と、表面上は笑顔を保ちながら彼の脳内はこの場を乗り切ることに終始した。
「聖地巡礼っていうのはね!」
だがローズマリーがリュミエールを睨みつけ、勝手に解説しはじめた。
「例えば物語の舞台になった場所とか!物語の中に出てきた場所とか!それに由来する場所とか!主人公が食べたお菓子が売っているお店のある場所とか!作者の出身地とか!そういう場所に行くことよ!」
なるほど、オタクたちはそういった場所を「聖地」と呼ぶのか。あとでクロードに調べさせておかねば。
「俺がやってる骨巡りみたいなやつだよねー」
ノヴァが便乗して骨を片手に何かを語りたそうにしたが、墓所でも巡ってそうな雰囲気が見え隠れしたので全員それをスルーした。

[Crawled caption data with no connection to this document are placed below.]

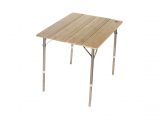 The Robens Wayfarer Large folding table boasts a beautiful bamboo top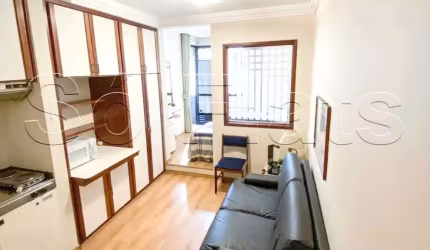 Apartamento totalmente mobiliado disponível à venda na Consolação.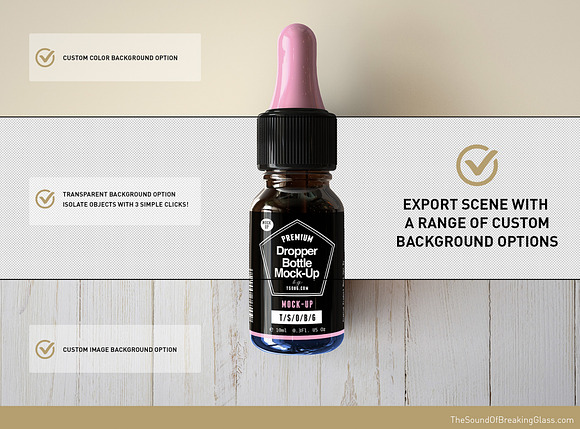 Dropper Bottle & Box Mock-Up | 10ml in Product Mockups - product preview 6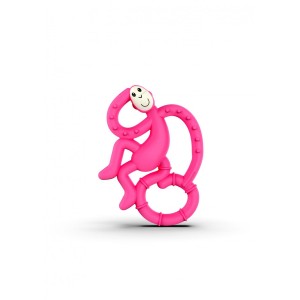Μασητικό Mini Monkey Teether Ροζ Matchstic Monkey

ローズマリーは「私も見たかった…騎士が王に忠誠を誓うあのシーンを湖を見ながら妄想したかった…」と床に手をついて嘆いている。そんな彼女の隣にしゃがみ込んだノヴァは、慰めるように彼女の肩にぽんと手を置いた。
「まぁまぁ。伯爵に見てきてレポートしてもらえばいいじゃん。伯爵も、物語のモデルになったその湖が好きなんでしょ?」
ねぇ、とノヴァがフェリクスを見上げる。
「ま、まぁ…好きといえば好きだけど」
まずい。なんだか聖地巡礼する流れになってしまったが、フェリクスは宗教絡みの巡礼はもちろん、オタク的な巡礼などしたことがない。一体何をどうレポートしたらいいのか皆目見当もつかない。
だが、ローズマリーがすがるような目でフェリクスを見てくる。一言ダメだと言えば泣かんばかりの悲壮感だ。泣かせるような言葉は口が裂けても言えるわけがない。
かといってパーティー自体に行かないことにするのも「あの物語が好きなオタクなのに見たくないんだ?」みたいな空気になり、非オタクバレに繋がるかもしれない。しかし安易に承諾して間違った聖地巡礼などした日には、それはそれで非オタクバレの温床になる可能性も……。
なお、別に聖地巡礼の方法に特別な決まりなどはない。しかし一般人のフェリクスには、何かとんでもない儀式のように思えている。
そんなフェリクスの助け舟となったのは、今度はノヴァではなく顎に手を当てて何かを考えていたリュミエールだった。
「ならローズマリー。君もパーティーに出席するかい?」
「はぁ?」
彼女は変な声をあげて、自分の婚約者を見上げたのだった。